We are both in our late 20s, aka this isn't a meaningless job, this is her career. She just moved into an apt without roommates, and has now skipped 2 days of work this week because she could bring herself to get out of bed, much less to leave the apartment. I love her, but I don't know how I can help, and I can't and won't pay for her to be financially dependent on me. She's not lazy, this is very unlike her. What would you do? We've been together over a year.
Most Helpful Girl
If you can force her to go to work, force her in any way you want. Not only because she might get fired if she skips too many days of work but also because even though staying at home and in bed seems like a comforting thing for people who are dealing with depression, it is also exactly what will make her sink in it even deeper. The more she stays at home, the less she'd want to go out and she'll just be left alone with unhealthy thoughts I guess.

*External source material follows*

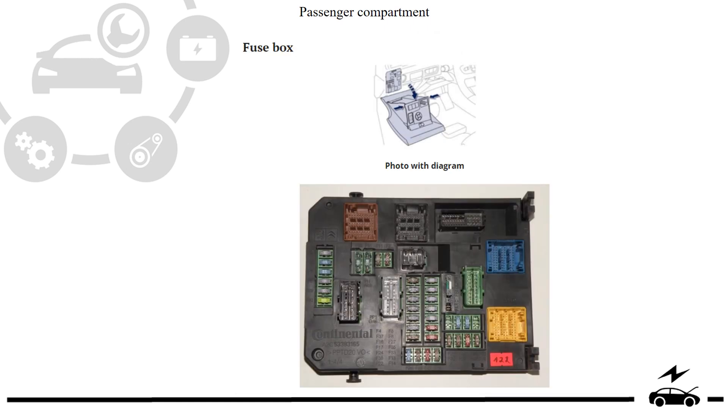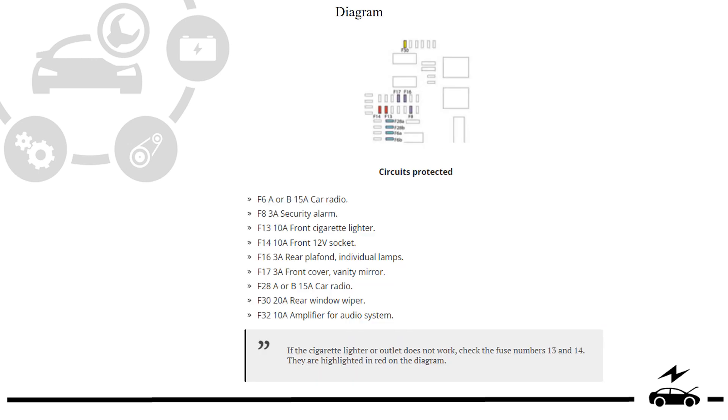Passenger compartment fuse box. Location, photo, diagram, protected components.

Of course, you can tell her about the reasoning I just mentionned and tell her it's for her own good so she doesn't feel too pressured.
You can also try to go out with her more if you can.0
Most Helpful Guy
I've just come out of a 6 year depression. just stating that to make the point that i know what its like
she needs therapy and you need to force her to go to work. she may very well not want to go, but getting fired will make matters MUCH worse. you are going to need to be extremely patient with her and dont push her to do anything she doesn't want (with the exception of work - because, like i said, thats too important). invest extra time in the things she does want to do. she needs to basically re-learn that doing things makes you happy, and she isn't going to do that without therapy and your patience.